With Network Affect, “the separation between nodes and edges becomes more complicated.” Indeed, the takeaway should be the relativity of this distinction, that nodes and edges can be inverted such that subject-predicate formalisms of substantialism give way to a process orientation. But we need not accept such a constrained idea of the network in its node/edge formulation; in fact, the constraints of Network Effect may derive from Thacker’s critical perspective.

It appears that Bergson’s philosophy is incommensurable with network science, perhaps even with the concept of the network. According to Bergsonist intuition, the moment one chooses to include the idea of the network in a philosophical premise, one ceases to do philosophy and instead crosses over into technical modes of reflection. Thacker’s Bergsonist critique of network science makes a decent point: namely that network science abstracts from the reality it presumes to present directly, and instead measures an effect of a more fundamental and self-propagating network of relations.
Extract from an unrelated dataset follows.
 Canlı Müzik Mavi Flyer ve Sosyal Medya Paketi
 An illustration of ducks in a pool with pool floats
But in addition to combating the metaphysical presuppositions bound up with such popularized accounts of science, the philosopher (or the theoretical critic) ought to attend to the concepts themselves in order to ascertain the effectivity of their transformation of reality into knowledge within reality. What is ultimately limiting in Bergson’s line of demarcation between the mathematician’s spatialization of time and the philosopher’s intuition of something’s inner duration is that both conceive of the knower as merely that, a knower set at a distance from the known.
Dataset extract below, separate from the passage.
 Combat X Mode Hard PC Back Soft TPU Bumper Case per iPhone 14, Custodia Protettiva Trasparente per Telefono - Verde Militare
By contrast, Louis Althusser informs us that Marx’s “theoretical anti-humanism,” part and parcel of his philosophy of praxis, recognizes how “a double relation: a relation between groups of men concerning the relation between these groups of men and things, the means of production”—how this relation already reduces human beings to categories so far as those people participate in those relations. [20] Socially descriptive categories therefore have an active reality that includes practices of action and of knowledge. This means that the conventional distinction between theory and praxis, between head and hand, is itself an artificial division. Accordingly, the division between Network Effect (on the side of knowledge) and Network Affect (on the side of action) follows formal logic’s definition of contradiction, each leaving out what the other is, but in an exclusionary way such that either side cannot countenance a reciprocal participation. This strong distinction of Thacker’s may ultimately stem from Bergson’s spiritualism, which, no matter how progressive it can get, always returns to a dualistic ontology that stages an eternal struggle between matter and some temporal principle such as memory, spirit, or élan vital.
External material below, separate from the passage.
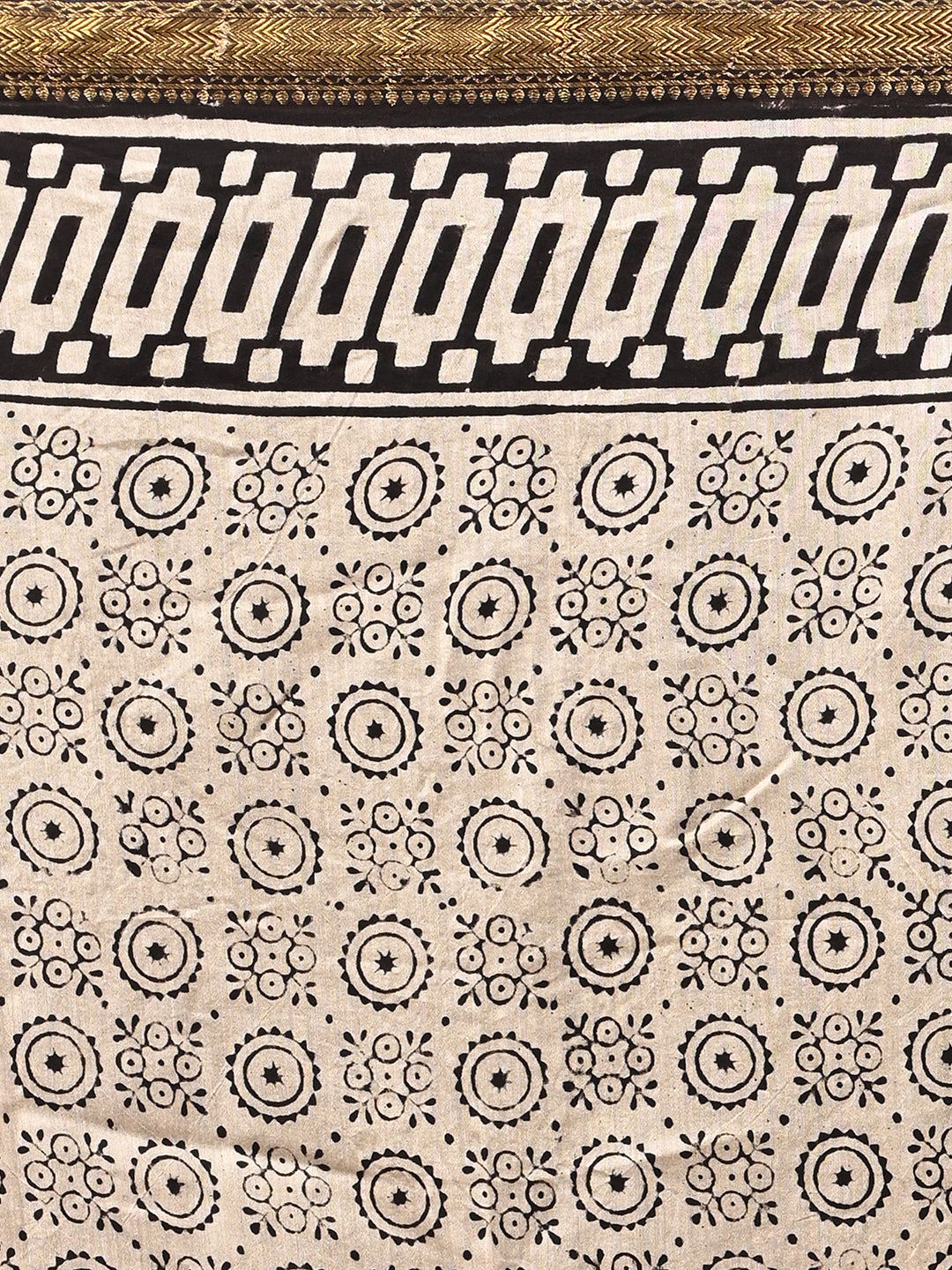 Pushpavali Black Block Print Saree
Within the scope of a materialist dialectic, by contrast, we could propose that it is only by virtue of the Network Effect’s lawful (seemingly transcendent) codification of phenomena that the Network Affect’s immanent topology can be deemed “living.” But let us set aside such problematic variations of the network and return our focus to the idea of the network plain and simple. Network scientists make of the network both an active principle in their investigations and frequently the reality investigated. Now, whereas Thacker rejects the strong realist claim outright, we can reframe the network-scientific claim by rejecting its presupposition that there actually is a “reality itself” à la Kant’s noumenal thing-in-itself. [21] Since knowledge of nature actively changes that nature, and since the human is itself a part of nature, Althusser can write: “The process of knowledge adds to reality at each step its own knowledge of that reality, but at each step reality puts it in its pocket, because this knowledge is its own.” [22] Althusser immediately describes the constitution of this paradoxical and additive “distinction between object of knowledge and real object” as “a cycle, and therefore living, as long as it reproduces itself, because only the production of new knowledge keeps old knowledge alive.” Knowledge, according to this orientation, requires, indeed is, its perpetuation.